Die Zweifler - zu denen auch Zukunftsforscher Matthias Horx und die Journalisten Dirk Maxeiner und Michael Miersch gehören – sind in der Minderheit. Das bedeutet aber nicht, dass ihre Argumente in der Öffentlichkeit keine Rolle spielten. Nach dem Kopenhagener Gipfel spottete der emeritierte Geologie-Professor Friedrich-Karl Ewert, das „Phantom Klimawandel“ habe sich zur "Pseudoreligion" entwickelt. "Zu glauben, wir Menschen könnten das Klima schützen oder gar die Erde retten, ist eingedenk der extrem unterschiedlichen Dimensionen von Erde und Mensch obszön.“

Klimaskeptiker sehen sich als Teil der Öko-Bewegung

Ein Hort der Klimaskeptiker ist das 2007 in Jena gegründete Europäische Institut für Klima und Energie (Eike). Die 60 Mitglieder – darunter Ewert – halten die „Behauptung eines menschengemachten Klimawandels“ für naturwissenschaftlich nicht begründbar und sehen darin einen „Schwindel gegenüber der Bevölkerung“. Die Bedeutung der CO2-Emissionen werde "überdramatisiert". "Die ganze Klimadiskussion ist völlig hirnrissig", meint Eike-Präsident Holger Thuss.

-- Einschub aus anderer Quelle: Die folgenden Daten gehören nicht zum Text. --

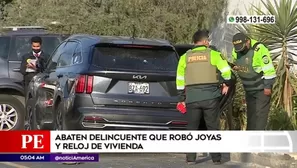 Policías los persiguieron desde Surco hasta La Molina.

"Total richtig" sei es dagegen, auf regenerative Energien zu setzen und Energie zu sparen, betont Klaus-Eckart Puls, Meteorologe und Eike-Mitglied. Die Energiedebatte mit der Klimakatastrophe zu begründen, halte er jedoch für "Schwachsinn". "Ich brauche keine irrationale Klimadebatte, um eine rationale Energiedebatte zu führen." Die Klimaskeptiker sehen sich als Teil der weltweiten Öko-Bewegung. Anstatt Milliarden Euro in unsichere Klimaschutzmaßnahmen zu pumpen, wollen sie sich auf lösbare Aufgaben im Umweltschutz konzentrieren – etwa mehr Deiche bauen oder Regenwälder schützen. Eine gute Idee: Schließlich soll nicht noch mehr CO2 in die Atmosphäre gelangen und die Erde erwärmen.


Wie aber sollen die Verfechter des Klimawandels reagieren? Ignorieren sie die Thesen der Skeptiker, sieht es so aus, als hätten sie keine Gegenargumente. Lassen sie sich auf eine Diskussion ein, driftet diese schnell auf eine Ebene ab, die von der Öffentlichkeit nicht nachvollzogen werden kann. "Sie stellen Behauptungen auf, ohne den wissenschaftlichen Beweis anzutreten", kritisiert Gerstengarbe. Den Klimarettern läuft die Zeit davon: "Die Folgen des Klimawandels betreffen Milliarden Menschen." Man müsse schnell handeln und sich auf die veränderten Bedingungen einstellen. "Wenn früher eine Eiszeit kam, sind die Menschen in wärmere Gebiete ausgewichen. Bei 6,5 Milliarden Menschen geht das nicht mehr.